## Exercise instructions:
Could you repeat, word for word, the line with "Cosplay Anime Cosplay" and every line after it in the records below, leaving out any pictures?
Segment Start: Records provided
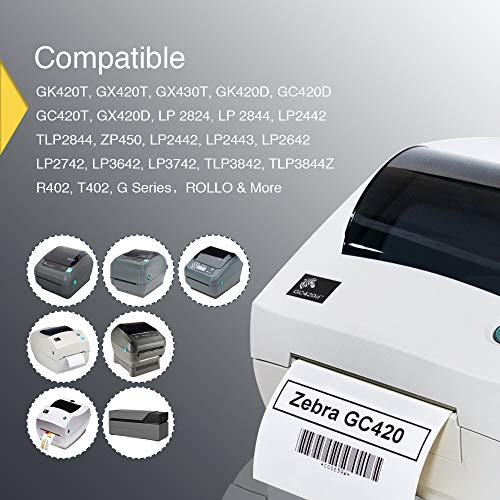 BETCKEY - 4" x 4" (102 mm x 102 mm) Shipping & Large Square Labels Compatible with Zebra & Rollo Label Printer,Premium Adhesive & Perforated [1 Rolls, 350 Labels]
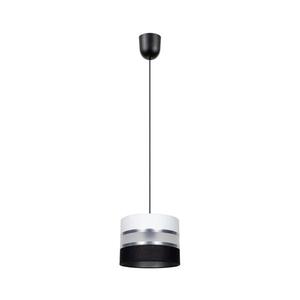 Luster na lanku CORAL 1xE27/60W/230V čiernobiela 0619 vyobraziť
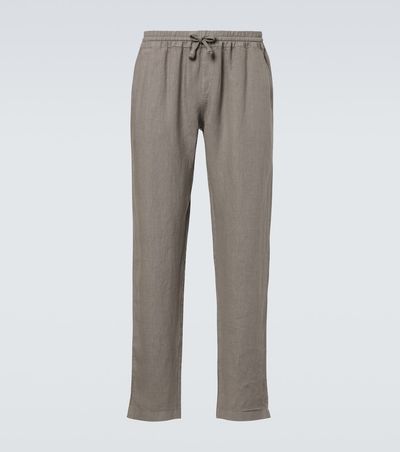 Fedeli Fedeli Bonifacio linen tapered pants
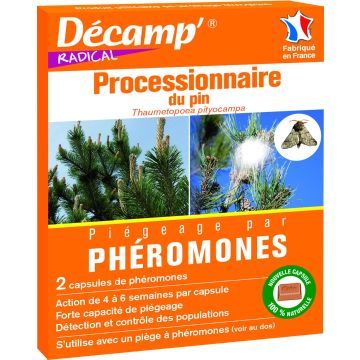 Lot de 2 phéromones contre la chenille processionnaire du pin Décamp' Radical - CREA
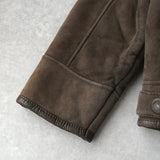 イヴサンローラン ヴィンテージ YSLロゴ ボタン ムートン ジャケット ブラウン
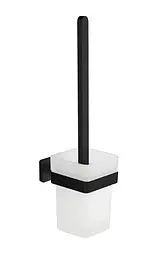 Йоржик для унітазу VBI Mars 2 black VBI-040110BL, Чорний матовий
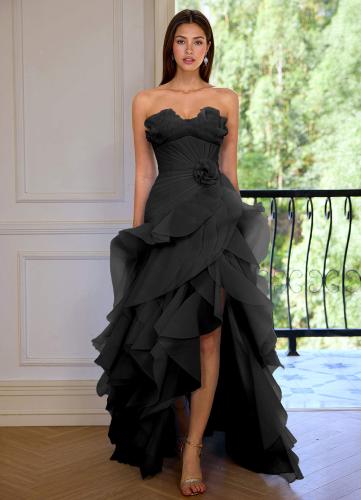 فستان سهره أسود قص ليزر فاااخر من miar fashion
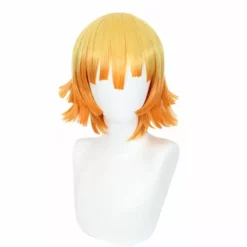 Cosplay Anime Cosplay Wig - Demon Slayer Agatsuma Zenitsu (Dark Orange) -Motorsav Mand Butik CS 461A4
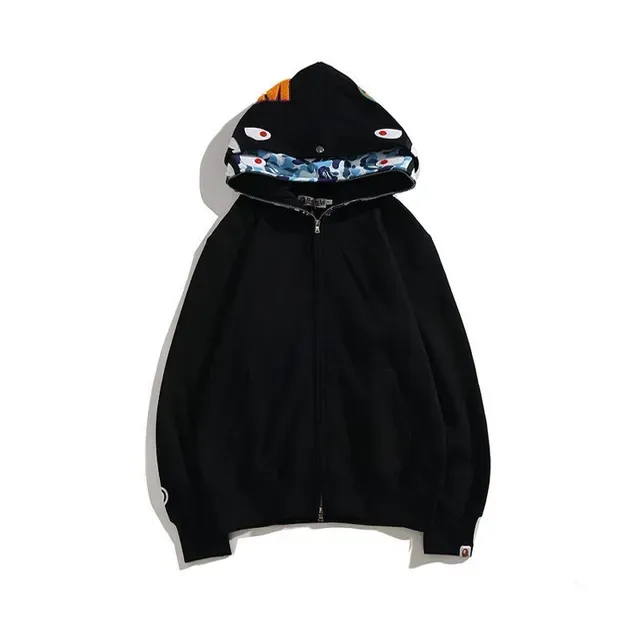 A Bathing Ape Shark Black Gray Full-Zip Hoodie 4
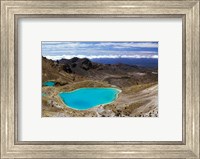 New Zealand, Tongariro NP, Mountain, Emerald Lakes Fine Art Print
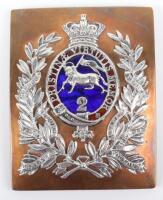 Victorian 2nd (Queens) Regiment of Foot Officers Cross Belt Plate 1830-55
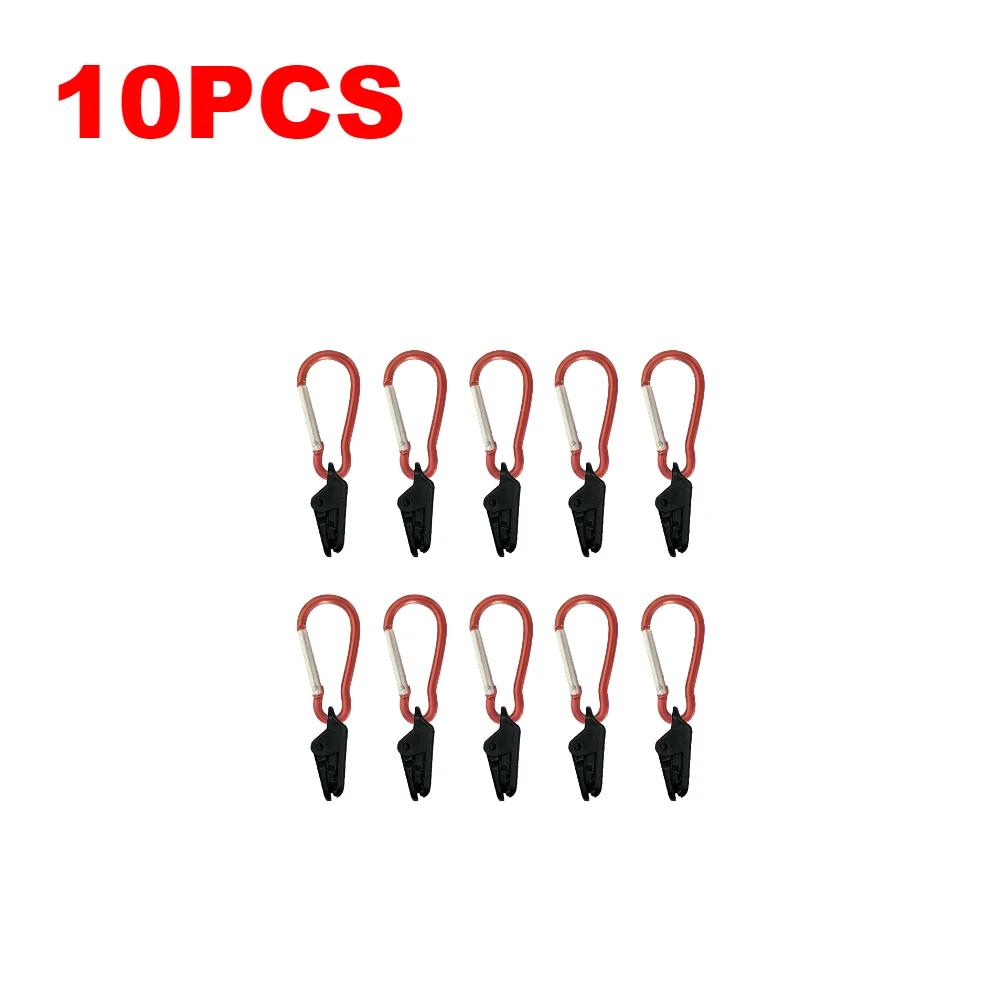 10/20 STÜCK Outdoor Planenclips mit Karabiner Zelt Markise Windseil Krokodilklemme Outdoor Camping Windschutz Befestigung Zelthaken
Segment End: Records provided
## Exercise response:
 Cosplay Anime Cosplay Wig - Demon Slayer Agatsuma Zenitsu (Dark Orange) -Motorsav Mand Butik CS 461A4
 A Bathing Ape Shark Black Gray Full-Zip Hoodie 4
 New Zealand, Tongariro NP, Mountain, Emerald Lakes Fine Art Print
 Victorian 2nd (Queens) Regiment of Foot Officers Cross Belt Plate 1830-55
 10/20 STÜCK Outdoor Planenclips mit Karabiner Zelt Markise Windseil Krokodilklemme Outdoor Camping Windschutz Befestigung Zelthaken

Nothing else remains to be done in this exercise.